Pentagon and a circle

Suppose yes. Then we can use the figure below.

$x+y+z+v+w=\dfrac{(x+y)+(y+z)+(z+v)+(v+w)+(w+x)}{2}=\dfrac{1+2+3+4+6}{2}=8$ Let's assume, that the $AB$ side's length is $6$ . Then $(x+y)=6$ , so $z+v+w=8-6=2$ . From that both of the $CD=z+v$ and the $DE=v+w$ side's lenght is smaller, than $2$ , but from the $1, 2, 3, 4, 6$ numbers, only one is smaller then $2$ , which is a contradiction.

So the answer is: not possible.

Each side of Pentagon is a sum of two tangent lengths with each of these lengths also a tangent length in adjacent side. Let us say that the side length 6 is a sum of two tangents of lengths x and (6-x).
Since these lengths have also to be carved out of the adjacent sides, x should be more than 2, otherwise the tangent length of (6-x) will not be possible on adjacent side.
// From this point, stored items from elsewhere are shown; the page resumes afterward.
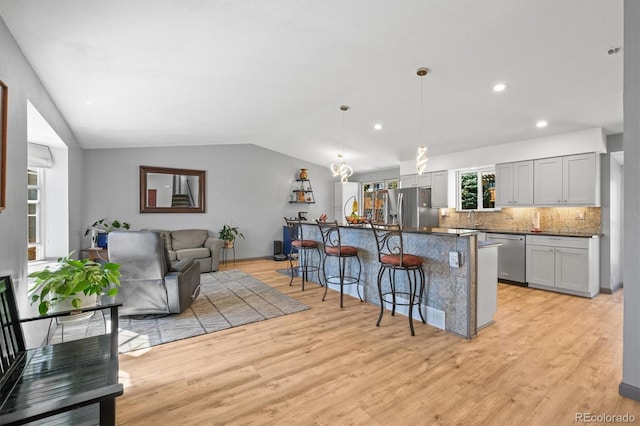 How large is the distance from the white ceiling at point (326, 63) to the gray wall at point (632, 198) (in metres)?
0.50

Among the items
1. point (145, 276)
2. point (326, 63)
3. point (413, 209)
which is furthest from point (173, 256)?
point (413, 209)

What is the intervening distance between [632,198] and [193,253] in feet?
20.0

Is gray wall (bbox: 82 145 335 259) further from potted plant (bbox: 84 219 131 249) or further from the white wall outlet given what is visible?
the white wall outlet

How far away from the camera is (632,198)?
78.5 inches

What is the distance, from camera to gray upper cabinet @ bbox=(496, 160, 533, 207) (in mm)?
5016

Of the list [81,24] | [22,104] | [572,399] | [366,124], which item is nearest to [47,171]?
[22,104]

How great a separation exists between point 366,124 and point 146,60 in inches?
140

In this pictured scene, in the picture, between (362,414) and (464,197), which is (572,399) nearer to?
(362,414)

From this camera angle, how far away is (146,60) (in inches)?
103

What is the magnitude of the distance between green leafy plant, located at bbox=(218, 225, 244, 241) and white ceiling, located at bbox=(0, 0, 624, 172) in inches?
97.6

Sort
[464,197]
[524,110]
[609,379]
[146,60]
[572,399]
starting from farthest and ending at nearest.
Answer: [464,197]
[524,110]
[146,60]
[609,379]
[572,399]

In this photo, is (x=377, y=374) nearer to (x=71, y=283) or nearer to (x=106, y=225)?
(x=71, y=283)

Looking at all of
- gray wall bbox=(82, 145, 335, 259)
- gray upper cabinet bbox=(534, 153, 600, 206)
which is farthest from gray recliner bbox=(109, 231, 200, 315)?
gray upper cabinet bbox=(534, 153, 600, 206)

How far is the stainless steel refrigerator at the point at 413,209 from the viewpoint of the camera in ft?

With x=>2, the two sides adjacent to 6 can only be 3 and 4. The side 3 will consist of two tangents of lengths x and
(3-x) and the side of length 4 will comprise two tangents of lengths (6-x) and 4 - (6-x) = (x - 2).
The remaining two sides are of lengths (1,2) or (2,1). The tangents of lengths (3-x) and (x-2) will have to be carved out of sides (1,2) or (2,1) and the balance lengths left on these sides should be equal, being the final tangent.
So, we have,
1 - (3-x) = 2 - (x-2), => x = 3, Or
2 - (3-x) = 1 - (x-2), => x = 2,
If x = 3, the tangent length (3-x) becomes 0 and the sides 3 and 1 are joined in a straight line and it is not a Pentagon but a quadrilateral. If x = 2, the tangent (x-2) = 0, and sides 4 and 1 get joined in a straight line and it no longer remains a Pentagon.
Hence the Pentagon with given sides would not be possible.